В конце концов, они оба решили, что с них достаточно.
«Что касается меня, — рассуждает Брижит, — то в моем представлении удачный брак, то есть такой, когда людям удается избежать почти что неизбежного однообразия супружеской жизни, бывает при условии, когда два человека целиком и полностью отдают себя друг другу. Однако наша с Гюнтером совместная жизнь вряд ли отвечает этому идеалу. Его жизнь построена на компромиссах, и он не способен расстаться с прошлым. Он пытается втянуть меня в светскую жизнь, которую я ненавижу и неизменно всеми силами старалась избегать. У нас противоположные вкусы. Он обожает все шикарное и громкое, он обожает, когда его снимают, когда о нем говорят и пишут. Когда он делает мне подарок, то это непременно должно быть нечто грандиозное, в то время как я бы предпочла обыкновенный брелок для ключей, лишь бы он только был выбран с любовью».

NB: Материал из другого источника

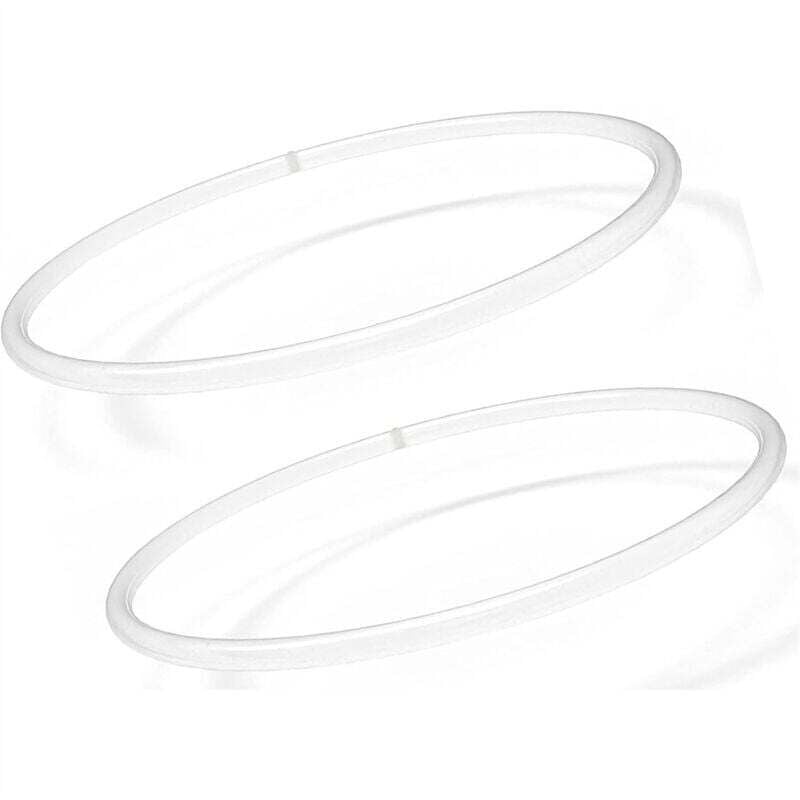 Image of Ersatz-Schleifbandset, kompatibel mit den Modellen DCW210, DWE6420, DWE6421 und DWE6423K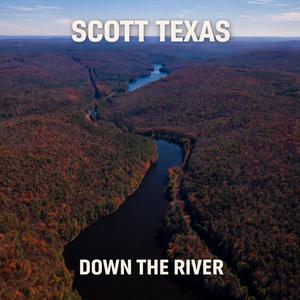 Down the River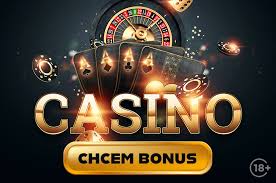 Nove Online Casino Objavte svet zábavy a výhier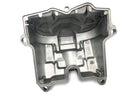 Aprilia RSV 1000 RP Mille [2001] - Rear cylinder valve cover-4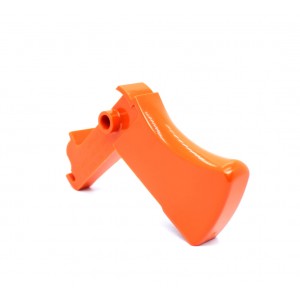 Курок газа STIHL FS 55-550 Курок газа STIHL FS 55-550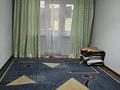 1-бөлмелі пәтер · 32 м² · 3/5 қабат, Айбергенова 7б, бағасы: 13.8 млн ₸ в Шымкенте, Аль-Фарабийский р-н
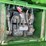 2012-john-deere-4940-image-79
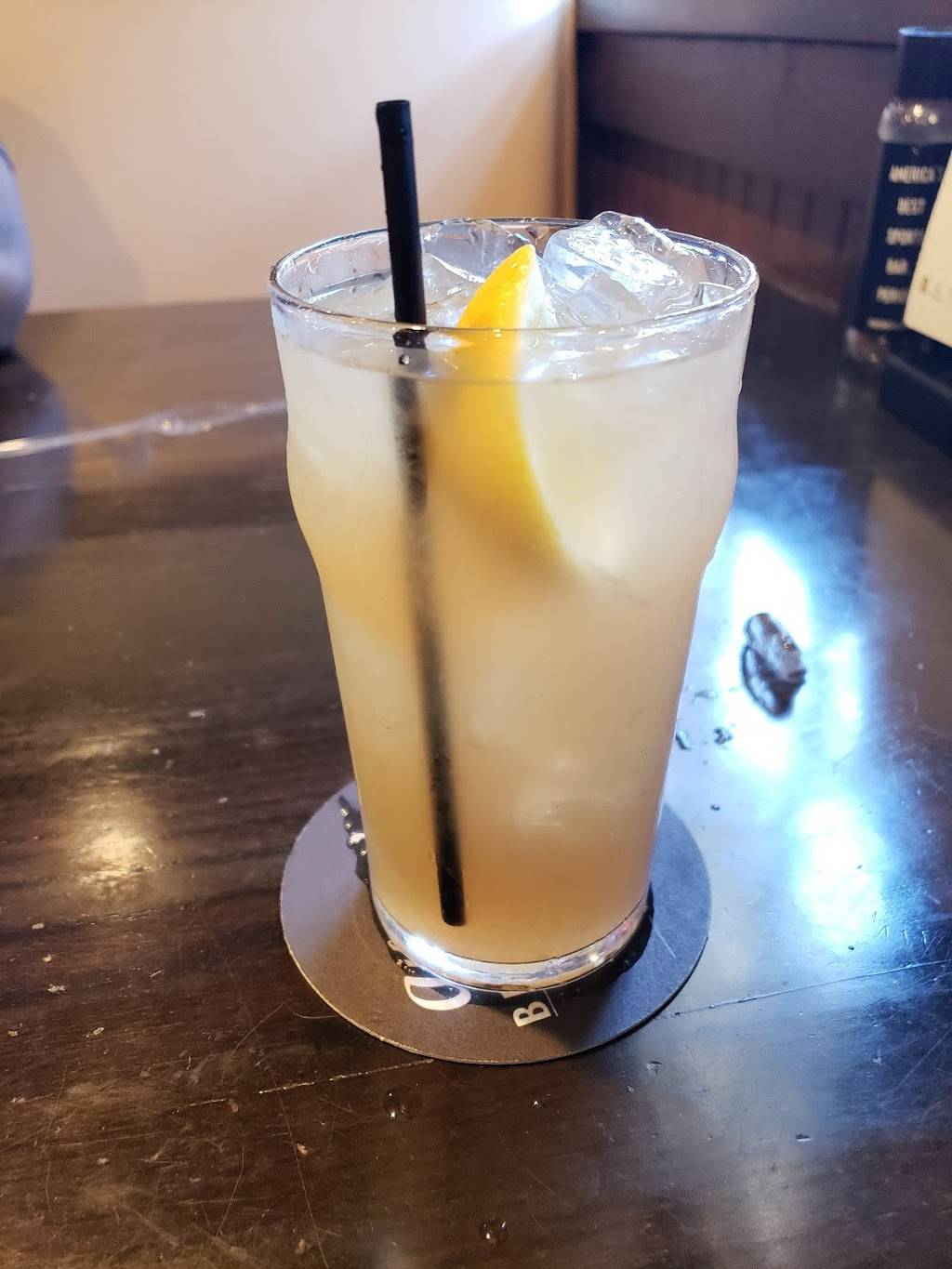 Hudson Grille Tucker | restaurant | 2075 Northlake Pkwy, Tucker, GA 30084, USA | 6783957342 OR +1 678-395-7342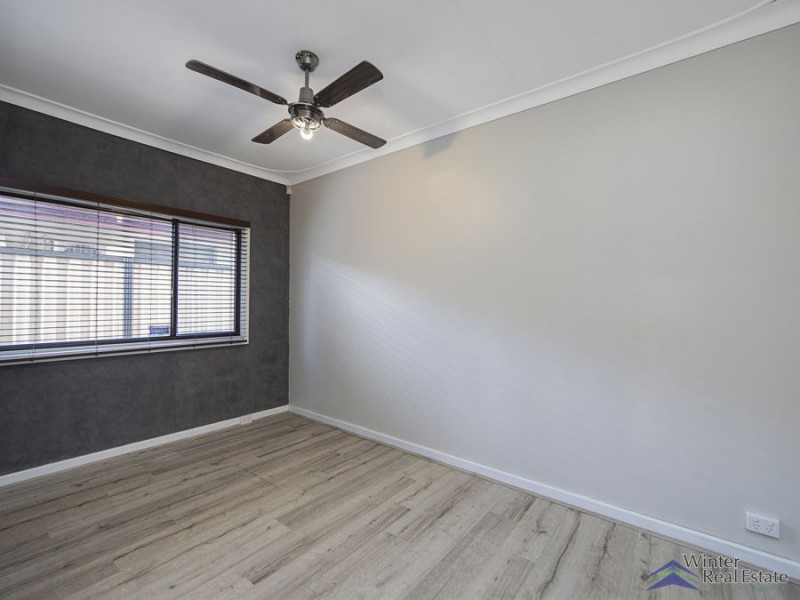 36 Gregory Street, Belmont WA 6104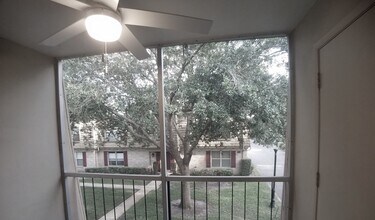 200 St Andrews Blvd in Winter Park, FL - Building Photo - Building Photo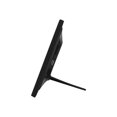 thumbnail image 4 of Aluratek 10" Digital Photo Frame  Built-In 4GB Memory with Remote - ADMPF410T, 4 of 6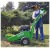 Измельчитель пней Laski F350/650 GX390T в Ставрополе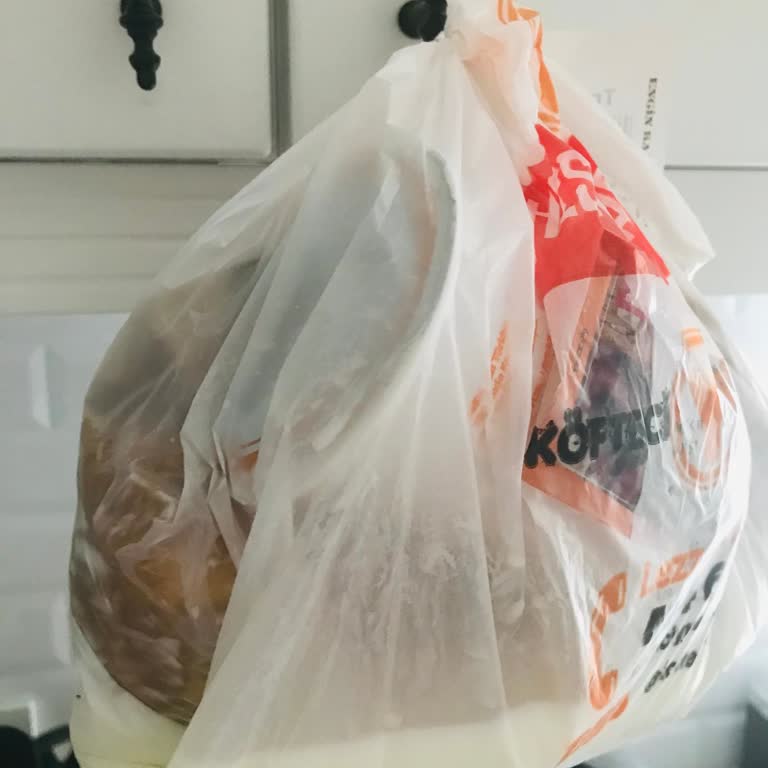 Trendyol Yemek Tam Anlamıyla Pişmanlık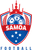 Samoa U17 W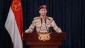 Yemen’s armed forces launch drone counterattacks on Israeli targets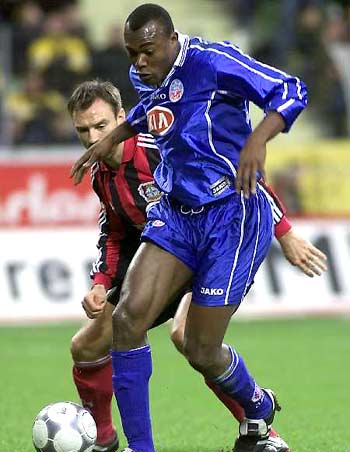 优势则是 优势则是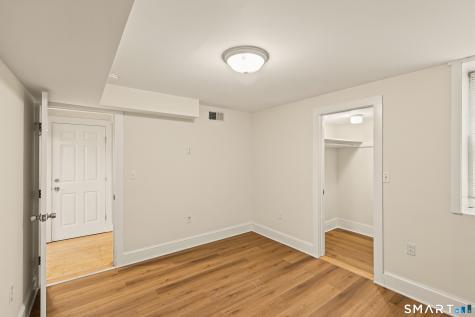 38 Academy Street New Haven CT 06511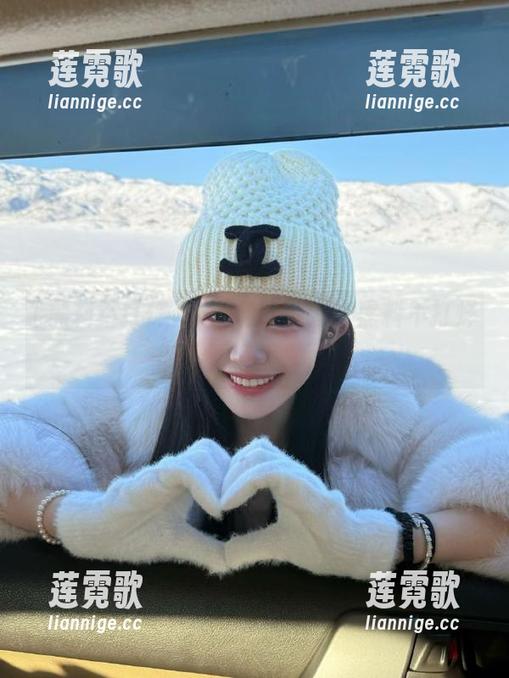 永久链接放送，黑料不打烊的最新战报来了！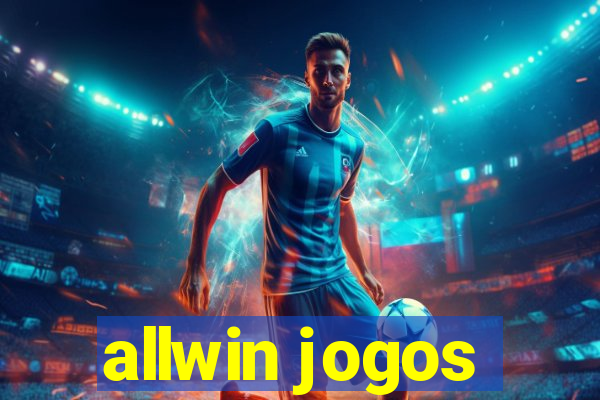 allwin jogos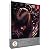 Adobe Premiere Pro CS6 アップグレード版S Windows版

11 декабря 1968 года, накануне отъезда в Лондон на премьеру «Шалако», Брижит объявила: «С замужеством покончено. Я хочу жить своей жизнью, и того же хочет мой муж. При желании он может подать на развод».
Что он и сделал. 7 октября 1969 года в Филизюре суд округа Альбула, кантона Грисон в Швейцарии, признал брак Бардо и Закса расторгнутым.
Однако судьба еще не раз сведет их вместе.
«Нет ни малейшего сомнения в том, что Гюнтер был слишком к ней привязан и окружил ее теплом и заботой, — говорит Боб Загури, человек, от которого Брижит ушла к Заксу. — Даже когда их брак оказался не столь удачным, как они оба надеялись, он все равно еще несколько лет оставался с ней».
В некотором смысле Загури поступил точно так же. Телешоу, которое они сделали вместе с Брижит, позволило ей — с песнями и танцами — войти в дома миллионов французов, появившись на малом экране, но сохранив при этом все очарование большого экрана. Она была забавна, она была счастлива, ей было весело.
В качестве ее музыкального режиссера был приглашен один из лучших музыкантов Европы — Клод Боллинг.
По словам Боллинга, Брижит пела всю свою жизнь, однако пение ее было любительским, ему недоставало профессионального мастерства. И хотя оно вполне могло сойти в компании друзей, расположившихся вокруг пианино, Боллинг без обиняков заявил Брижит, что такое вряд ли простительно тому, кто стоит перед большим оркестром на экране общенационального телевидения. Он убедил ее, что она не имеет права выйти вместе с оркестром и запеть как кинозвезда. Он заставил ее петь как настоящую певицу.
«Клод подтолкнул ее, — поясняет жена Боллинга, Ирен. Между прочим, это та самая женщина, что помогла познакомить Брижит с Дистелем. — Кстати, это оказалось не таким уж легким делом, ведь она привыкла получать комплименты от своих прихлебателей. Они прожужжали ей уши своими комплиментами. Брижит склонна остерегаться людей, которые утверждают, будто им от нее ничего не нужно; что же касается прихлебателей, то они не внушали ей особых подозрений. Клод заявил ей, что если она серьезно надумала петь, то ей придется как следует над собой поработать».
Она прислушалась к его совету и вскоре вошла во вкус.